I’ve been a Database Administrator for over 20 years. Throughout the 1990’s and 2000’s, database administration had become a somewhat lucrative, in-demand job for many people working in Information Technology. Even today, the role of Database Administrators (DBAs) is critical for daily operational goals and maintaining customer applications. Recently, there has been a major shift in what employers are looking for in job candidates for IT positions. Less companies are hosting their own databases; and the need for big data systems in the cloud have created more opportunities for people with skills in cloud architecture, data pipelines architecture and data science tools.
That being said, I feel like this shift has put a lot of DBAs in a precarious position.
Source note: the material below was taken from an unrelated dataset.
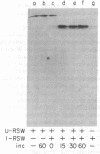 2725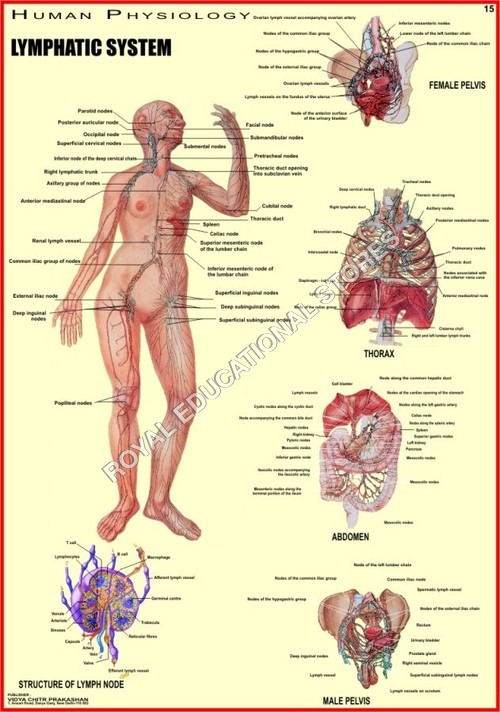 VCP4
Being a dedicated DBA is challenging and very time consuming and requires a very broad set of skills. Being a DBA is a full time job in of itself, and database administration does not easily translate to data science or data engineering, so if you want to work towards a job role as a data engineer or data scientist, you probably have to take that initiative on your own and do off-hour work to acquire those skills. Data science is the ability to create meaningful business actions from sometimes messy, uncoordinated data. Data engineering is the ability to take very large volumes of data and make it readily available to business stakeholders regardless of the type of data, where it is stored, or how it is stored. Most DBAs spend their time making sure that the bare metal (local or NAS) storage or provisioned storage of data is consistent, available, and secured with an “engine” that can easily query or perform transactions on this data. All the mechanisms needed to do this quickly, reliably and efficiently with no data loss is the challenge most DBAs face on a daily basis.
This is the very high-level comparison between the fields. But there are some very powerful nuisances that need to be taken into consideration if you want to change roles. For one, being a DBA doesn’t necessarily mean that you understand how to work with data. Data is messy, and one of the strengths of a data scientist is his or her ability to take data and clean it, transform it, removing duplicates, removing anomalies, etc. You then need to have the ability to sample and partition data, create models and score your model. Many data scientists possess knowledge in mathematics and statistics that allow them to perform deep learning or complex machine learning and data analysis tasks.
One common bridge to go from database administration to data science and data engineering is SQL. SQL is a very powerful language for querying data in a relational databases. SQL is also considered one the most popular languages for data science. There are many functions available in SQL to perform data science functionality in databases. SQL is a powerful language this is by far the most popular way to extract data from a database and deliver it to the business.
Most DBAs have had some exposure to SQL, with another group who have had training in programming procedural structured languages like T-SQL, PL/SQL, PL/pgSQL amount others. Therefore, transitioning to languages such as Python and R typically used in data science is less of a journey than starting with little programming experience at all. Both languages have libraries that utilize SQL and database commands.
Along with learning Python and R, learning many of the popular data science and mathematics libraries such as SciKitLearn and NumPy is also helpful. R is a great language to practice data science techniques as well. Look for the many online resources for learning data science. Visit my articles on the data science conferences and data science resources. Take online classes on LinkedIn Learning, Udemy, Datacamp and Coursera which all have starting tracks for data science. A lot of success in moving into a new role involves self-learning. Particularly if you are in a job position that doesn’t have data science work to build skills.
For data engineering, it’s strongly recommended that you start a cloud account in Google Cloud, AWS and Azure. They offer “pay-as-you-go” options and are subscription based services based on the amount of compute time you accumulate. And with the many of the open data sets available free to the public, you can easily build test data pipelines in the cloud on your free time. You can also build pipelines in the cloud to help with you current DBA role. Most companies are transitioning to the cloud and offer their employees cloud access.
Post-graduate education is another path DBAs can take. There are many post-graduate and certificate programs in data science and big data engineering, with many more coming online. And these programs are flexible enough where you can learn outside your normal work hours.